__MATERIAL SUPPLIED__:
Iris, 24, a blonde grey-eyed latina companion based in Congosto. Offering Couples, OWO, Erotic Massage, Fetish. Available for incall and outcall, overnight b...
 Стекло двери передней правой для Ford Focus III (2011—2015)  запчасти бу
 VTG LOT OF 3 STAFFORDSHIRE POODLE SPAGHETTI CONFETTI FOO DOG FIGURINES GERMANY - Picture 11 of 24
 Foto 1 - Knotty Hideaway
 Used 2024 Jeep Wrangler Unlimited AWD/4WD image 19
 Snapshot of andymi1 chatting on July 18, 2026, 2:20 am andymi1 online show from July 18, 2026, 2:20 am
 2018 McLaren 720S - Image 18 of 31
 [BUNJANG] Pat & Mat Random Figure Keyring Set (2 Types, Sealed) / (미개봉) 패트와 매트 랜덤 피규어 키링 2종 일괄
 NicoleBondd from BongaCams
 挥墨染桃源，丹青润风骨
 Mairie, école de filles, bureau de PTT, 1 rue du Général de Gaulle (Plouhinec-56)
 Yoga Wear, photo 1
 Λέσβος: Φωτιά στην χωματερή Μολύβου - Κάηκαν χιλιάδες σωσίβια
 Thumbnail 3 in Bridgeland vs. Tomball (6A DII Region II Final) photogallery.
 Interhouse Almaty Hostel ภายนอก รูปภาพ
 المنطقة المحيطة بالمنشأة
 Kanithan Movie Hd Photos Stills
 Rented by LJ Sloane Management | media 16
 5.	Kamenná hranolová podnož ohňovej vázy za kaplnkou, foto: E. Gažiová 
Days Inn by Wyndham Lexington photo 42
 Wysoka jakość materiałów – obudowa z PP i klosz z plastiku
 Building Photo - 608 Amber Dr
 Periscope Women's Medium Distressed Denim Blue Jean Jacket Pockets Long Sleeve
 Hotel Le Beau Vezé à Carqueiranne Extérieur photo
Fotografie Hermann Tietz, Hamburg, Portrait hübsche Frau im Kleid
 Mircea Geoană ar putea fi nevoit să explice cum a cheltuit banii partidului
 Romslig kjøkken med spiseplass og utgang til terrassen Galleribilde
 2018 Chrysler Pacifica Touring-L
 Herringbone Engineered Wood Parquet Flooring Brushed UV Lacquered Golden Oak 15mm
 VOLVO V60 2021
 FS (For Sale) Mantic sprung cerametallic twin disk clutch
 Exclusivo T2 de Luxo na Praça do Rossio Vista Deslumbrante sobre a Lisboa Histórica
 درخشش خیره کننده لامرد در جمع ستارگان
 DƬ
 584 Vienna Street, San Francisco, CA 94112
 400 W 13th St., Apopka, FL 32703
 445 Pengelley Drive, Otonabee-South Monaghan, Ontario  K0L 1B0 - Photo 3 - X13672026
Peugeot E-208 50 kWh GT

__TASK REQUIREMENTS__: Your task is to restate, word for word, the lines from the beginning of the records to the line with "Yoga Wear, photo 1", inclusive.

__OUTPUT OF THE TASK__:
Iris, 24, a blonde grey-eyed latina companion based in Congosto. Offering Couples, OWO, Erotic Massage, Fetish. Available for incall and outcall, overnight b...
 Стекло двери передней правой для Ford Focus III (2011—2015)  запчасти бу
 VTG LOT OF 3 STAFFORDSHIRE POODLE SPAGHETTI CONFETTI FOO DOG FIGURINES GERMANY - Picture 11 of 24
 Foto 1 - Knotty Hideaway
 Used 2024 Jeep Wrangler Unlimited AWD/4WD image 19
 Snapshot of andymi1 chatting on July 18, 2026, 2:20 am andymi1 online show from July 18, 2026, 2:20 am
 2018 McLaren 720S - Image 18 of 31
 [BUNJANG] Pat & Mat Random Figure Keyring Set (2 Types, Sealed) / (미개봉) 패트와 매트 랜덤 피규어 키링 2종 일괄
 NicoleBondd from BongaCams
 挥墨染桃源，丹青润风骨
 Mairie, école de filles, bureau de PTT, 1 rue du Général de Gaulle (Plouhinec-56)
 Yoga Wear, photo 1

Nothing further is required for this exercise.